Graph Coloring

This module defines colorings of simple graphs (also known as proper colorings in the literature). A graph coloring is the attribution of "colors" to all of its vertices such that adjacent vertices have different colors. A coloring can be represented as a homomorphism into a complete graph, whose vertices represent the colors.

Main definitions

• G.Coloring α is the type of α-colorings of a simple graph G, with α being the set of available colors.

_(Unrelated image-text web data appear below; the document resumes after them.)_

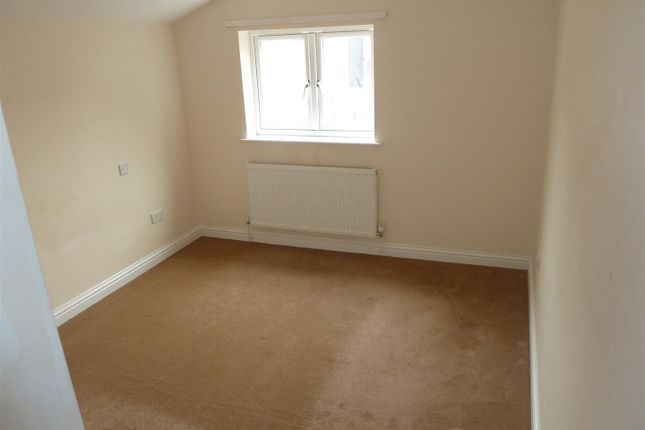 Flat 4, 71, James Street, Louth photo 3
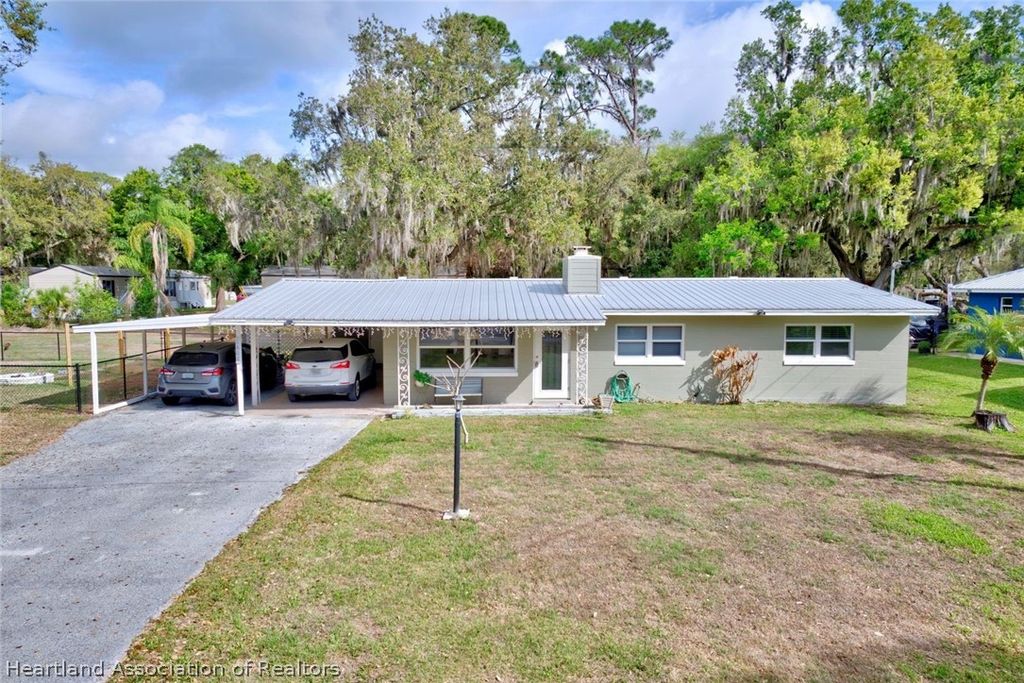 1608 Noble Fir Street, Lake Placid, FL 33852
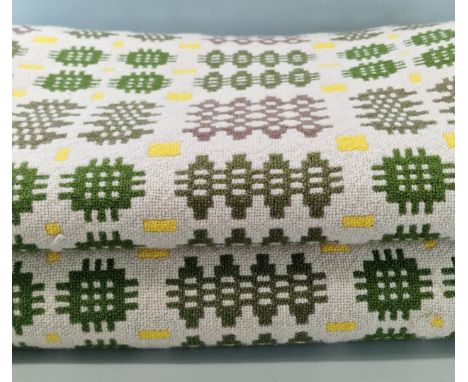 Vintage beige, green and yellow Welsh carthen. 222x205cm approx. (B.P. 21% + VAT) Appearing in good condition overall, one no
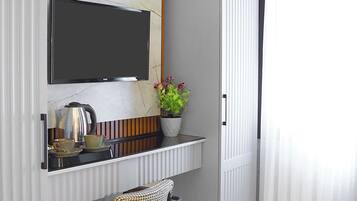 Standard Triple Room, 3 Twin Beds, City View | Premium bedding, minibar, in-room safe, desk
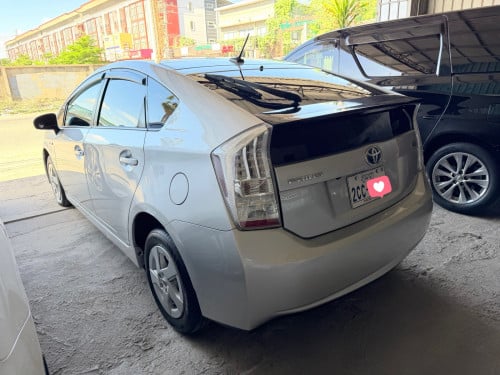 Prius 010 អប់សិន4ដំបូលបេីកសឡាសុីន1ជុំម្ចាស់ទី1រំលស់សុត100%បាន
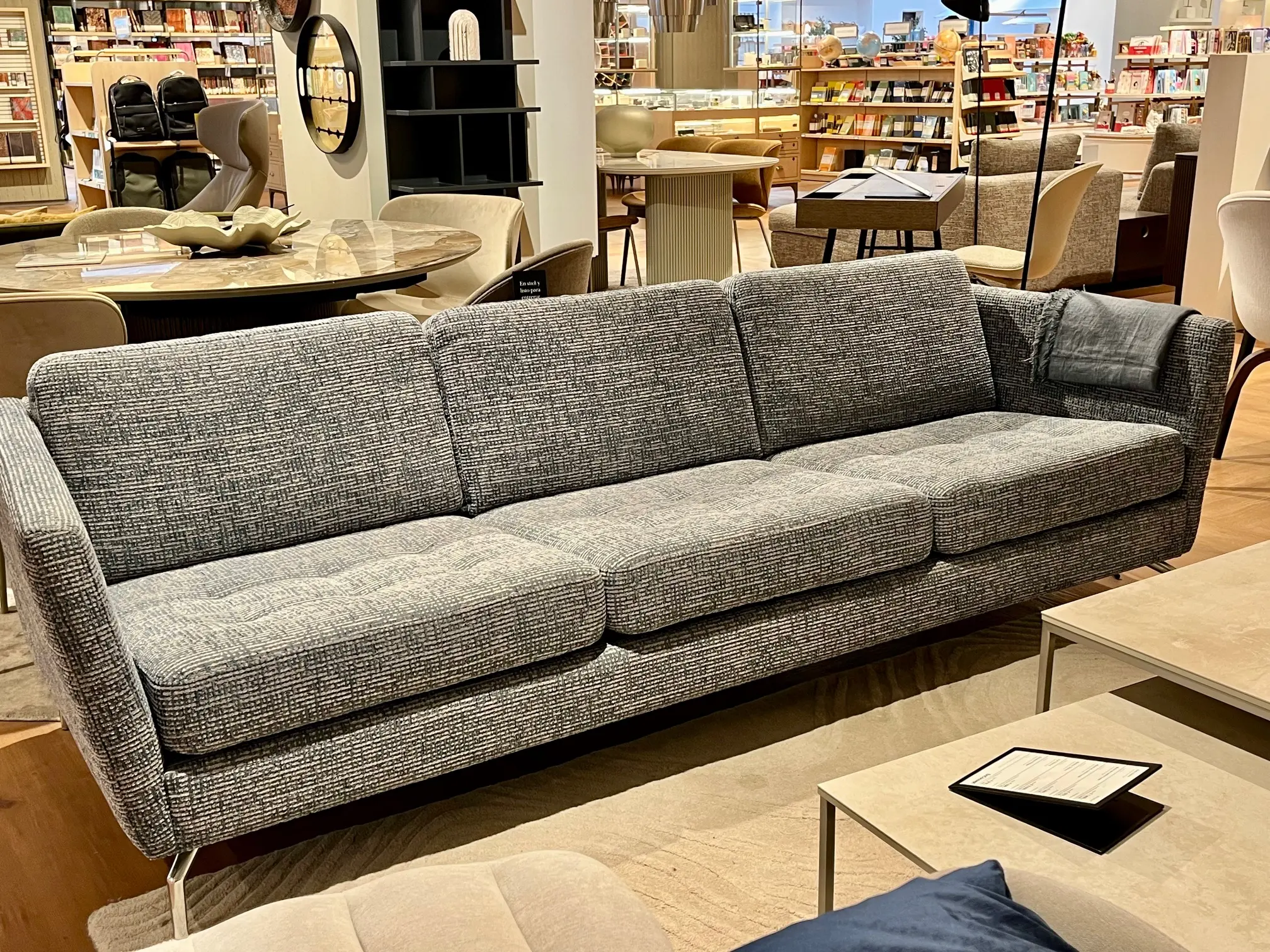 Osaka sofa de 3 plazas
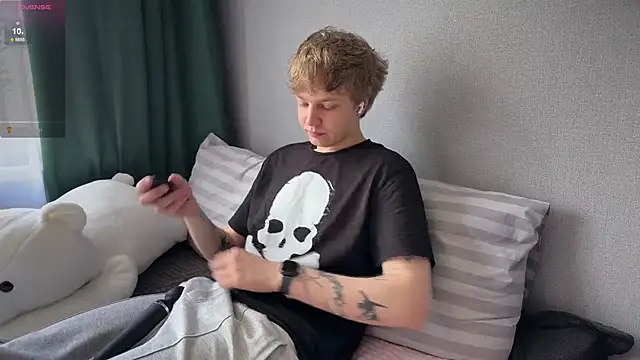 Snapshot of olivertasty chatting on May 22, 2026, 6:33 am olivertasty online show from May 22, 2026, 6:33 am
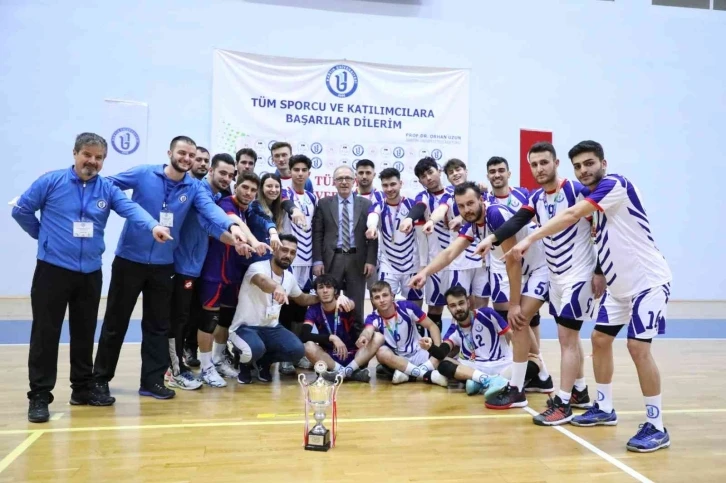 Bartın Üniversitesi Erkek Voleybol Takımı 1. Lig şampiyonu oldu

The type is defined to be homomorphisms from G into the complete graph on α, and colorings have a coercion to V → α.

• G.Colorable n is the proposition that G is n-colorable, which is whether there exists a coloring with at most n colors.

• G.chromaticNumber is the minimal n such that G is n-colorable, or ⊤ if it cannot be colored with finitely many colors. (Cardinal-valued chromatic numbers are more niche, so we stick to ℕ∞.) We write G.chromaticNumber ≠ ⊤ to mean a graph is colorable with finitely many colors.

• C.colorClass c is the set of vertices colored by c : α in the coloring C : G.Coloring α.

• C.colorClasses is the set containing all color classes.

Todo:

• Gather material from:

  • https://github.com/leanprover-community/mathlib/blob/simple_graph_matching/src/combinatorics/simple_graph/coloring.lean
  • https://github.com/kmill/lean-graphcoloring/blob/master/src/graph.lean

• Trees

• Planar graphs

• Chromatic polynomials

• develop API for partial colorings, likely as colorings of subgraphs (H.coe.Coloring α)

@[inline, reducible]

abbrev SimpleGraph.Coloring {V : Type u} (G : SimpleGraph V) (α : Type v) : Type (max u v)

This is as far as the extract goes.